As a first step to collect data and generate reports, we collected urls of all the web pages at following domain deploy.virtuals-labs.ac.in. Since we have access to server, to get all the urls, we extracted all the html and php pages’ links from the server and stored it into the text file using an automated bash script. In order to test the performance of web pages www.vlab.co.in, we collected 5000 urls using an online sitemap generator since we did not had access to server. We extracted yslow report for each web page using yslow.js and phantomJS using automated bash script. This automated script read the url line by line from a text file containing urls and generated a report for each web page. This script does batch processing running ten phantomjs processes in background for ten different web pages. The urls of dangling web pages are pushed into a text file named failed-urls and such reports are deleted. These ylsow reports serves as input to CSV file generation.
CSV file are generated using a bash script. This CSV file contains the overall score and scores corresponding to each rule. Script extracts all the scores corresponding to each rule and dumps it into the CSV file line by line. The content in the CSV file is used for visualizing statistics.
Data visualization is carried out using python matplotlib matplot and csvkit. Statistics for each rule is plotted using an automated script in the form of bar graphs. Scripts take csv files as input and return set of bar graphs specific to each rule as output.
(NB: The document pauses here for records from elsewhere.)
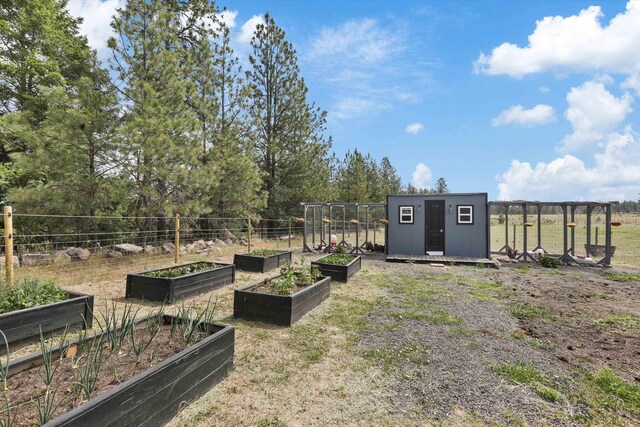 13616 W Pine Bluff Rd, Nine Mile Falls, WA 99026 - view of yard featuring a garden and an outbuilding
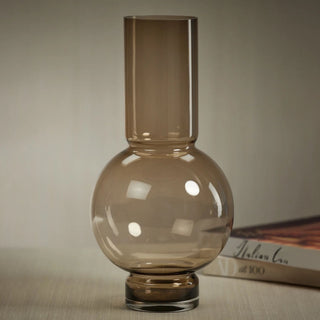Taupe Monceau Glass Vase styled with a sculptural rounded glass base and tall cylindrical neck, designed for warm neutral faux floral arrangements with roses, tulips, hydrangeas, peonies, branches, and greenery.
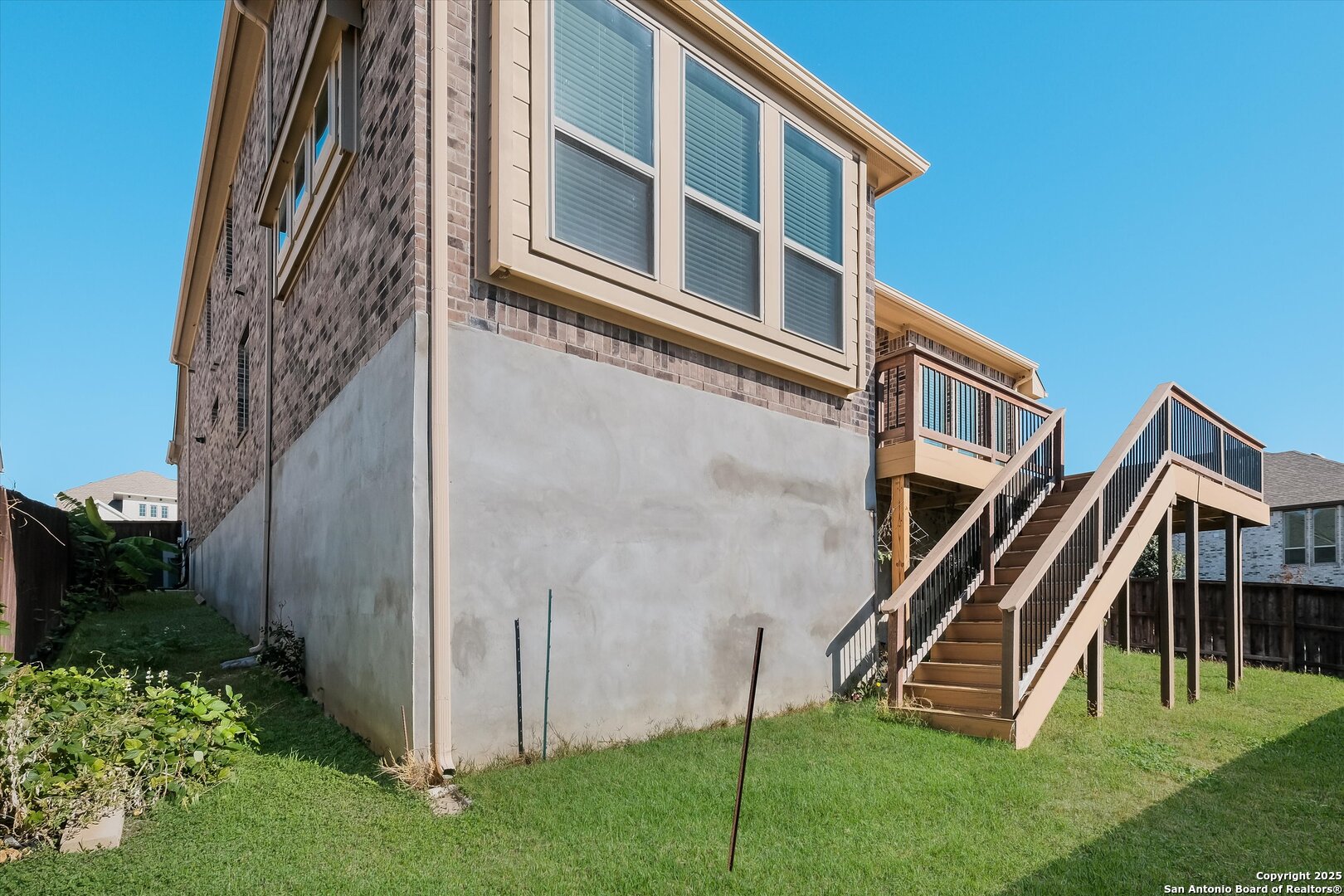 1718 Wind River San Antonio, TX 78258 - Photo 30 of 32 a front view of a house with a yard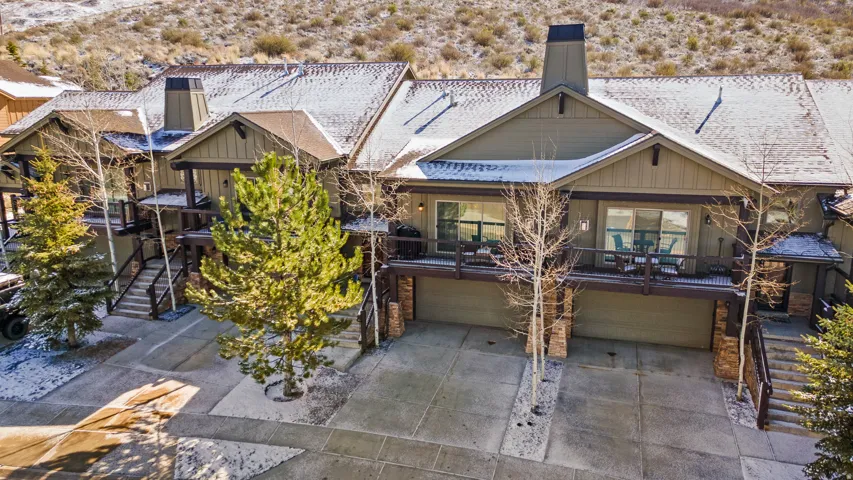 Back of property with a garage, a wooden deck, driveway, a chimney, and a desert view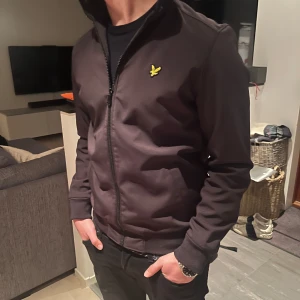 Svart jacka med dragkedja - Säljer en stilren svart softkjell jacka från Lyle & Scott i mycket bra skick. Jackan har inga defekter. Bara att skriva om ni har frågor eller funderingar 
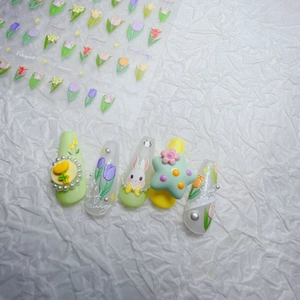 Detail of 3D embossed nail stickers featuring pink rabbits and tulip floral patterns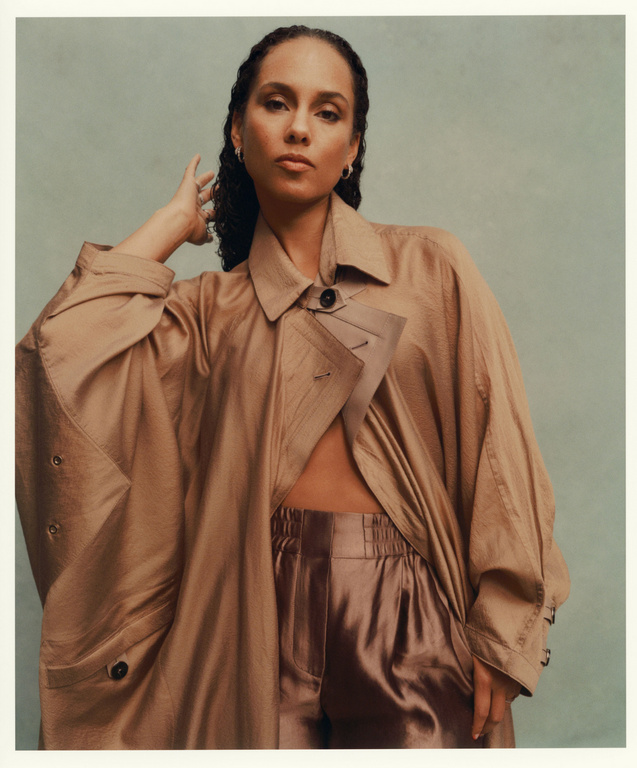 Portrait of a woman with wavy dark hair, wearing a loose tan trench coat and shiny bronze pants, against a pale greenish-gray background.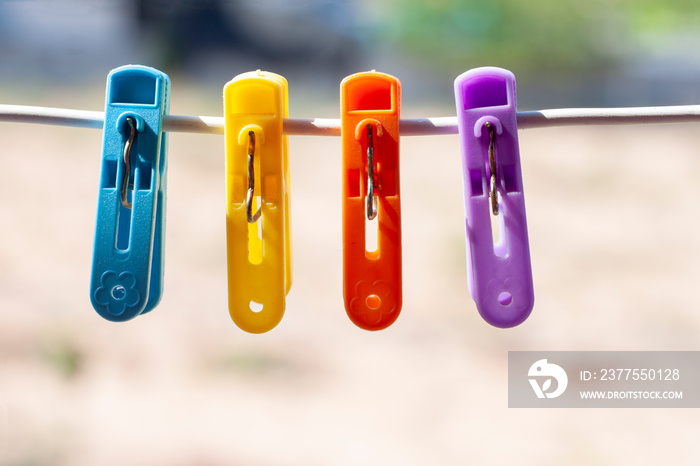 Multi colored plastic clothes clips on the wire on blur nature background.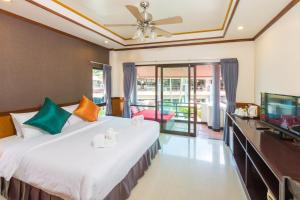 a bedroom with a large bed and a flat screen tv at Sunrise Resort- Koh Phangan - SHA Extra Plus in Haad Rin +37 photos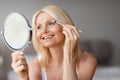 Portrait of beautiful middle aged blonde woman applying eye-shadows and looking in mirror, sitting in bedroom Royalty Free Stock Photo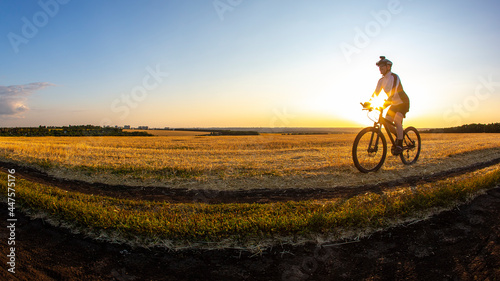 The cyclist rides a bike on the road near the field against the backdrop of the setting sun. Outdoor sports. Healthy lifestyle.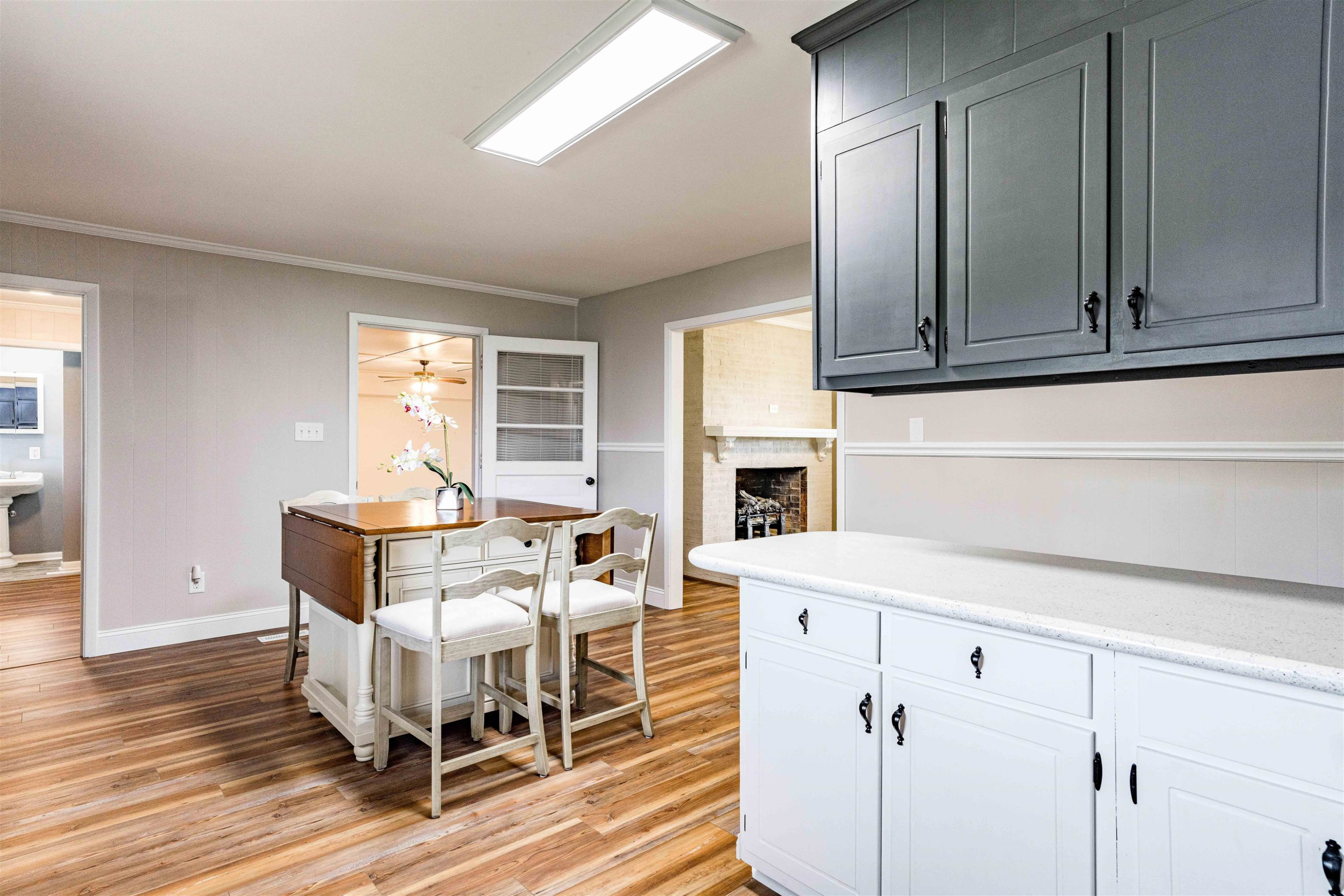 420 Faith Church Road Four Oaks, NC 27524 - Photo 20 of 36 a living room with furniture a fireplace and a wooden floor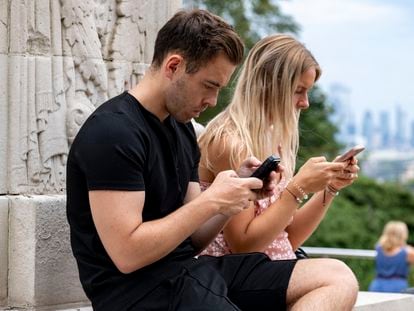 Two people use their cell phones in a public space.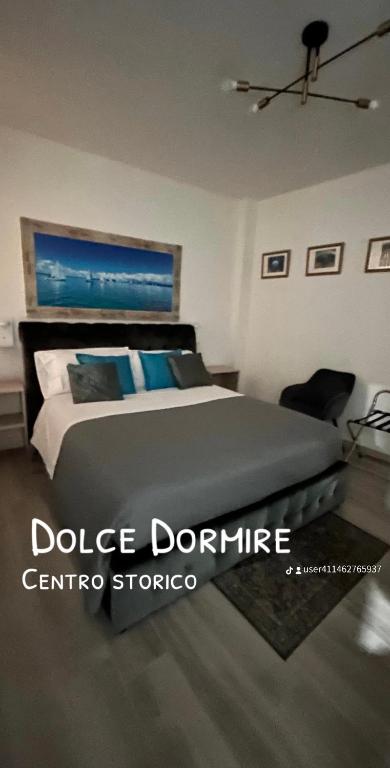 Postel nebo postele na pokoji v ubytování Dolce Dormire
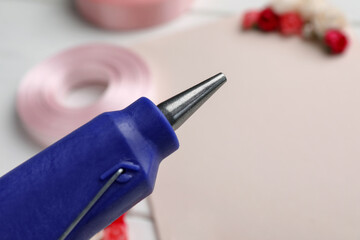 Hot glue gun on blurred background, closeup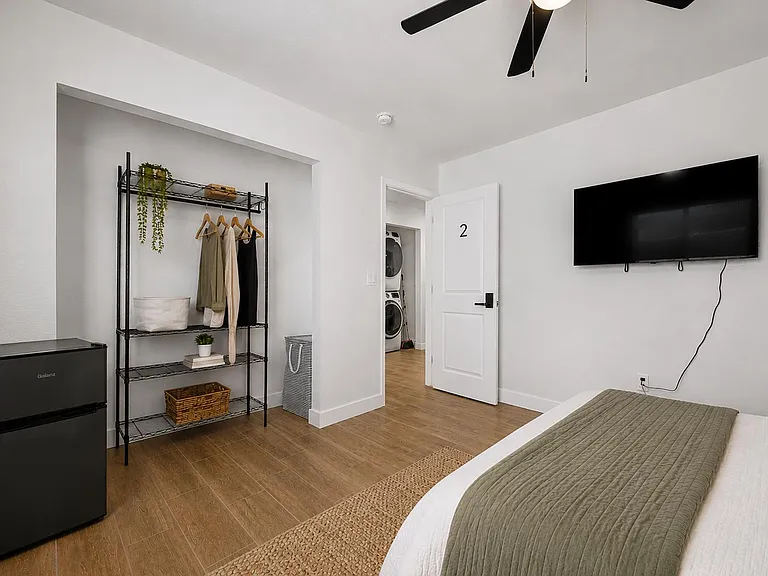 Furnished bedroom with wood-look flooring, ceiling fan, wall-mounted TV, mini fridge, and open closet storage.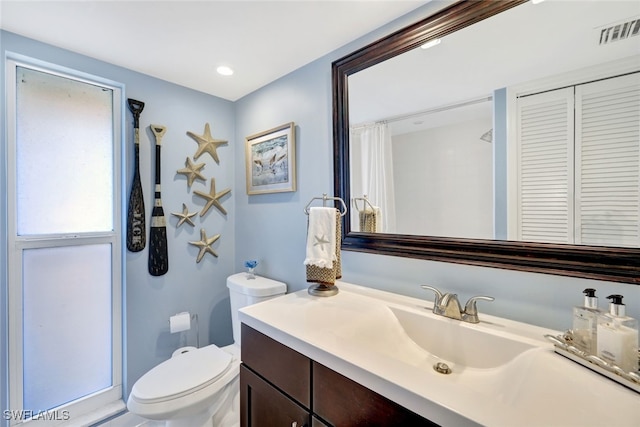 bathroom with vanity and toilet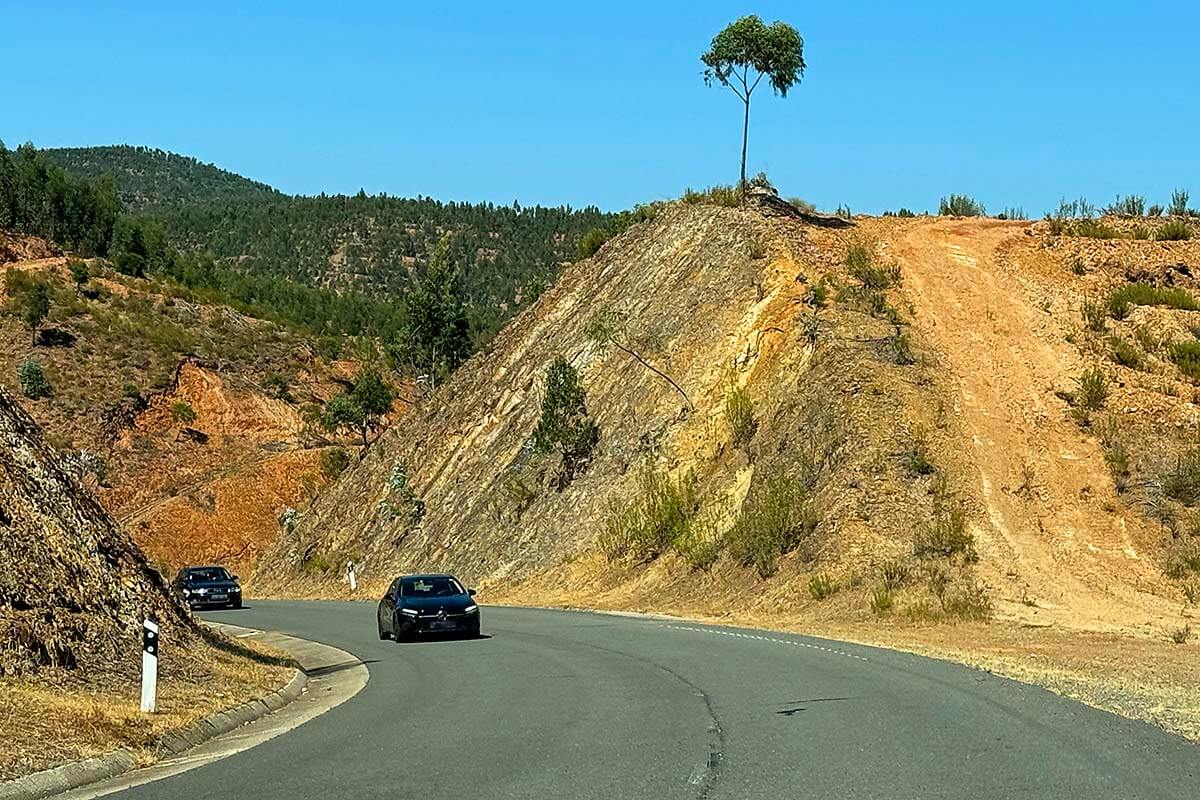 Cars driving on a road in Serra de Monchique hills in Algarve Portugal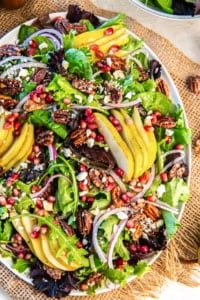A colorful Pear Pomegranate Salad with sliced pears, mixed baby greens, pomegranate arils, red onion, glazed pecans, and feta arranged on a white serving platter.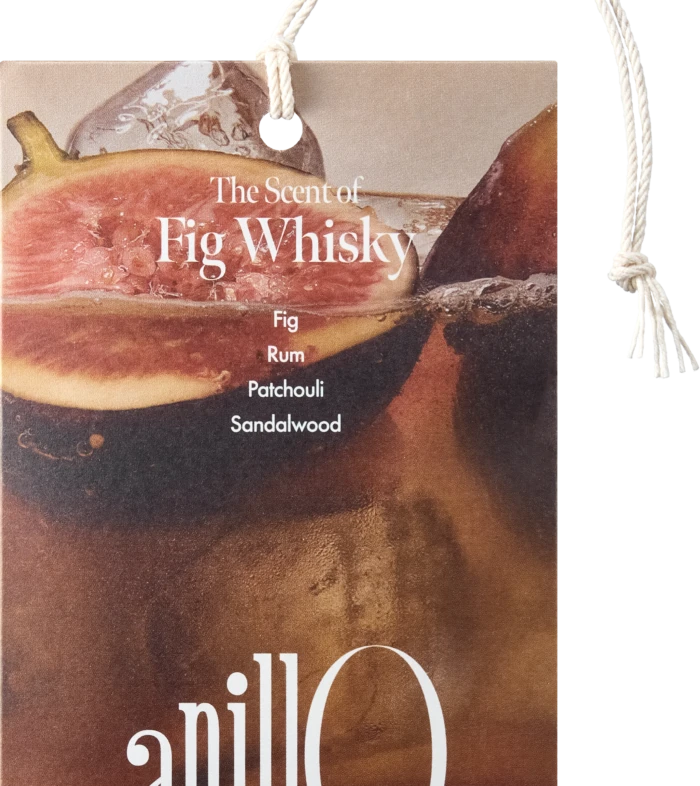 Hanging product tag for a fragrance, reads 'The Scent of Fig Whisky' with notes Fig, Whisky, Patchouli, Sandalwood; rope loop visible.
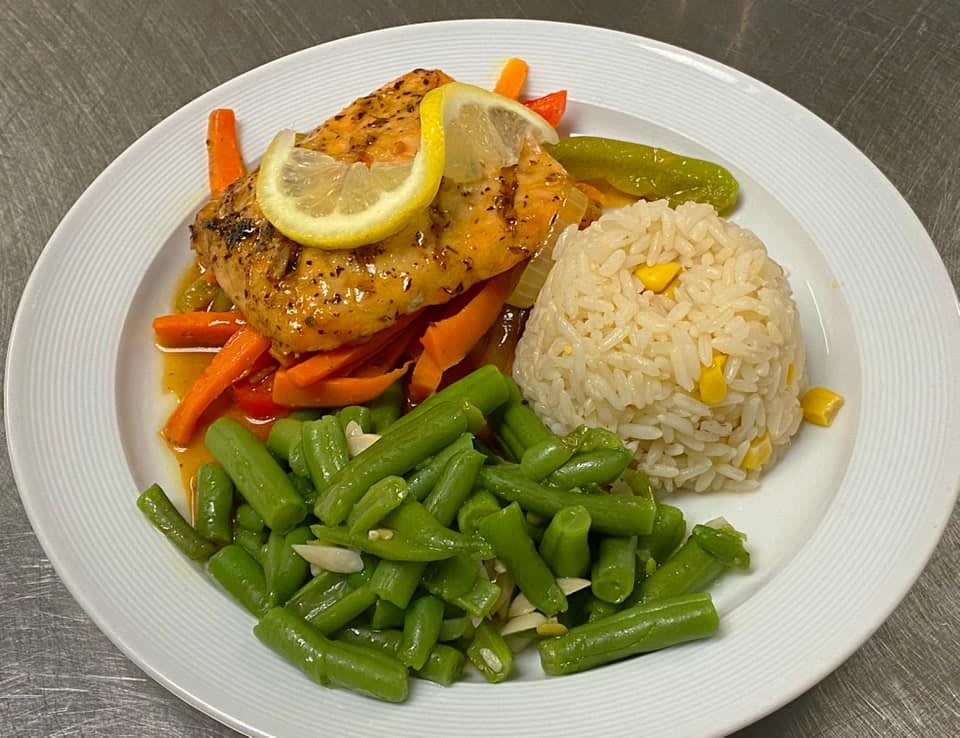 A plate of grilled salmon with mixed vegetables, rice, and a lemon slice.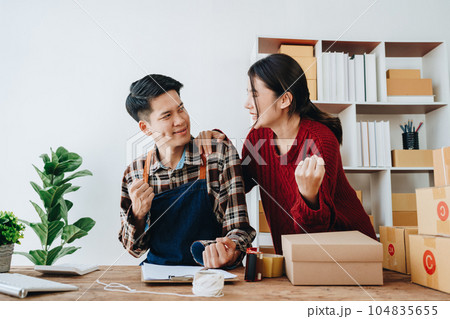 A young Asian couple shows delight and smiles on their faces when they see the sales volume and customer orders exceed expectations. sme or small business family concepts. A young Asian couple shows delight and smiles on their faces when they see the sales volume and customer orders exceed expectations. sme or small business family concepts. 104835655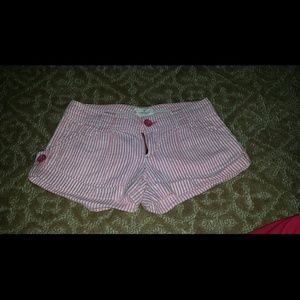 Pink seersucker shorts.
In order to achieve our goals we carried out experimentation on three different set of urls:
- set containing 5000 urls of www.vlab.co.in without pagespeed
- set containing 9000 urls of www.deploy.virtual-labs.ac.in without pagespeed
- set containing 9000 urls of www.deploy.virtual-labs.ac.in with pagespeed
For each of the above set of urls we generate yslow reports and accumulate scores in three different CSV files. Later statistics are visualized in the form of bar graphs for each csv file. We analyze the performance of www.vlab.co.in using obtained bar graphs in next section. We also studied comparison between performance of 8786 web pages of www.deploy.virtual-labs.ac.in with and without pagespeed.